Programmes on the main Russian television channels are broadcast in the Far East first, because of the time difference. Folks in Vladivostok and Petropavlovsk-Kamchatsky are already retiring for the night when Muscovites are going out to work – there’s 7-8 hours difference between them. So only in the evening, when they return home, do Muscovites and Petersburgers watch the programmes broadcast earlier in the east.
But sometimes this doesn’t happen. If the management realises that the programme is ‘unreliable’ and may harm the political interests of the Kremlin and that someone made a serious error in allowing it to be shown, the programme is taken off air. As a result, problematic material gets shown in the Far East and the Urals, and then vanishes into thin air. One glimpse and it’s gone. The audience in the European part of Russia is entertained by a lengthy commercial break.
'Programmes on the main Russian television channels are broadcast in the Far East first, because of the time difference.... If the management realises that the programme is ‘unreliable’ and may harm the political interests of the Kremlin and that someone made a serious error in allowing it to be shown, the programme is taken off air. As a result, problematic material gets shown in the Far East and the Urals, and then vanishes into thin air.'
One could cite fair number of such instances from recent years…
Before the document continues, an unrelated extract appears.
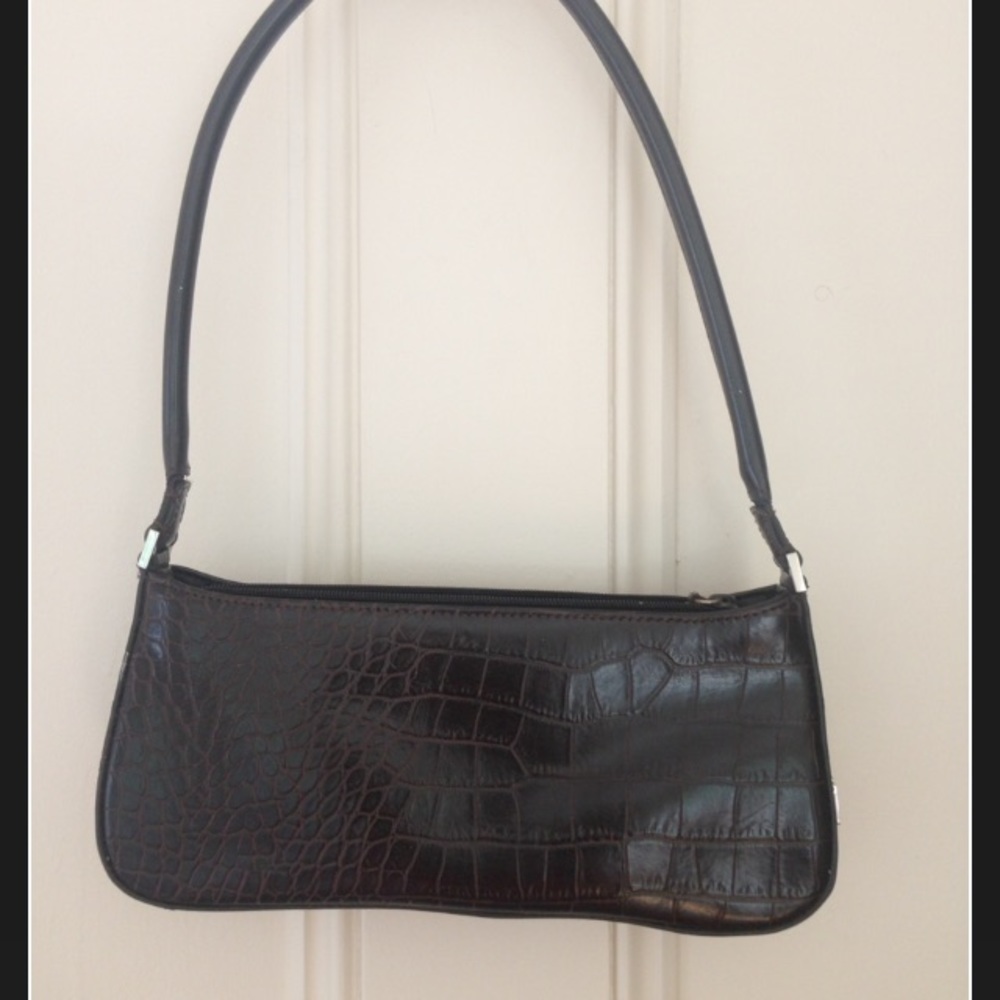 NINE WEST Small Handbag Faux Leather Animal Print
In February, for example, journalists wondered why footage of Volochkova, the flamboyant ballerina who unexpectedly criticized ‘United Russia’, was shown on Channel One and on NTV only in the eastern regions but not at all in the centre. It would take too long to recount older and more socially significant cases of programmes taken off air – in the last ten years there have been a fair number. But it would be quite wrong not to remember Andrei Loshak’s coverage of the resettlement of Moscow’s centre, ‘There’s an office here now’, which Muscovites were only able to see on the internet.
A recent scandal
In the Putin/Medvedev era the Kremlin has ensured
that the major Russia television channels are loyal
and disciplined. Strict censorship has made Russian
TV entertainment-dominated and boring.
There was a genuine media scandal over the pulling of an NTV piece on kidnap victims in Chechnya on Sunday, 30 October. All Monday news agencies ran the story as one of the main news items of the day. Material on this topic was the most read section on the BBC’s Russian language pages. By the evening the piece itself, posted on YouTube, had been viewed by around 53 thousand people. By Tuesday the story had been covered in all the main newspapers – and no, not just those publications like Kommersant which don’t on principle avoid the topic of Chechnya.
It seemed as if everyone had grown used to this practice – both the viewers and the press. But patience has its limits, and it looks as if the ‘Chechen saga’ has proved to be the last straw. Not, of course, because the story was about Chechnya specifically – although this material could not fail to arouse interest, given the Chechen leader’s recent 35th birthday celebrations at which Hollywood and Russian stars of stage and cinema appeared. Most probably because people have just had ENOUGH. However, to start at the beginning.
The scandalous story revolves around the case of Islam Umarpashaev. Islam was 24 when he was abducted in December 2009 by members of the Chechen militia (at that time not yet renamed as police). For around four months he sat chained to a radiator in the basement of an OMON [Special Purpose Police Unit] barracks in the Chechen republic. First they beat him, even tortured him with electric shocks. They wanted information on rebel fighters. But Islam couldn’t tell them anything useful –his own subversive activity consisted entirely of abusing ‘the pigs’ in internet chat rooms, threatening them with punishment from Allah (which, in fact, he was caught doing).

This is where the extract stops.